_Source data_.
=== Section Start ===
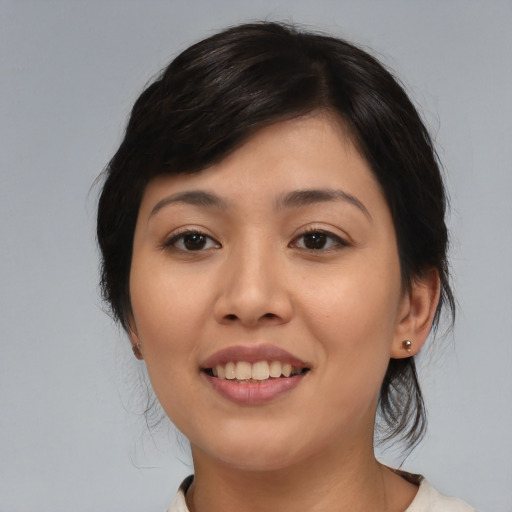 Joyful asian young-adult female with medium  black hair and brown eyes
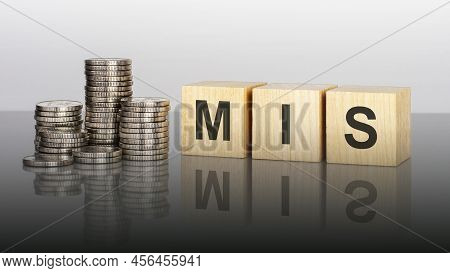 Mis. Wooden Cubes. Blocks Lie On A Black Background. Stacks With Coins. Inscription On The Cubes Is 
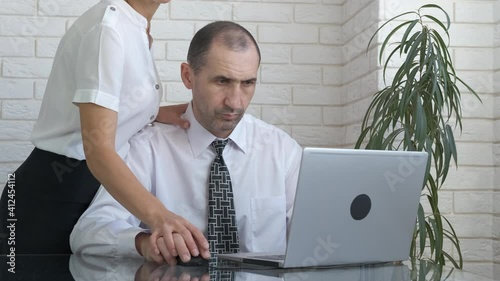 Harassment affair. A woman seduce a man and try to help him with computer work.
=== Section End ===
_Assignment_.
Exactly as written, return every line of the listing, but not the pictures.

_Output for this task_.
 Joyful asian young-adult female with medium  black hair and brown eyes
 Mis. Wooden Cubes. Blocks Lie On A Black Background. Stacks With Coins. Inscription On The Cubes Is 
 Harassment affair. A woman seduce a man and try to help him with computer work.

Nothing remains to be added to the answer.